Dh is a lovely guy. Please no ‘LTB’. I am posting this to gage whether being a bit uptight or I have some grounds to be annoyed.
Dh bday was 2 weeks ago. We did a holiday with lots of other couples to celebrate (it’s a big bday) and between us spent thousands to make it special.
today, he planned a celebration with the people that couldn’t make the holiday. Just a day of drinking in pubs and bars really.
I have had a headache for the last few days - nothing has shifted it. I also get very anxious about social situations sometimes, and I think I was a little anxious about today’s plans. The headache got worse and worse and ended up being a full blown pounding headache, verging on migraine. I felt awful.
DH seemed pretty annoyed that I was feeling ill and kept saying ‘I know you can’t help it, but this is shit timing’. Like I didn’t know that! I barely had the energy to speak back to him.
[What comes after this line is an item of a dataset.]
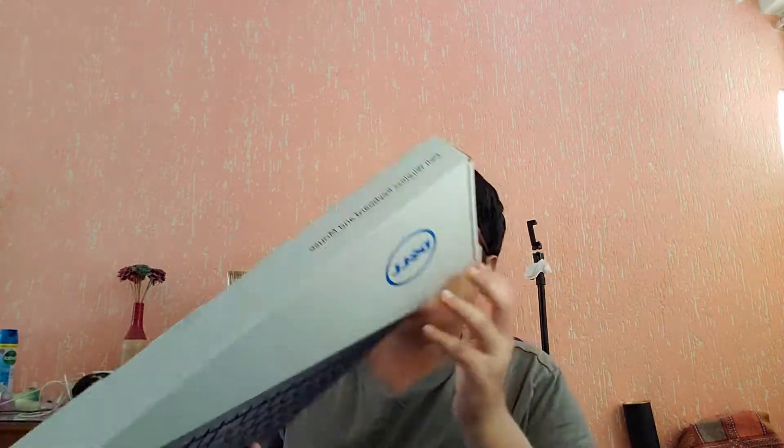Hey, what's up guys, welcome to another video. Today I'm going to show you the Dell wireless keyboard plus mouse combo, which costs around 1000 rupees. This is a very cool combo if you are having a desktop — it's completely wireless and only uses one USB port for two devices, which is really awesome.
the last few days have been crazy for me at work, I’ve had a lot of catching up to do since we got back from holiday. And also I’ve been doing most of the household chores because Dh has been working incredibly long hours. I think we’re both just a bit tired and ratty.
anyway - I couldn’t go out with him. I physically couldn’t get out of bed otherwise I would hve thrown up. I just got out of bed now and found the house in a state. He’s not tidied anything away.
just feel really annoyed! Am I being silly??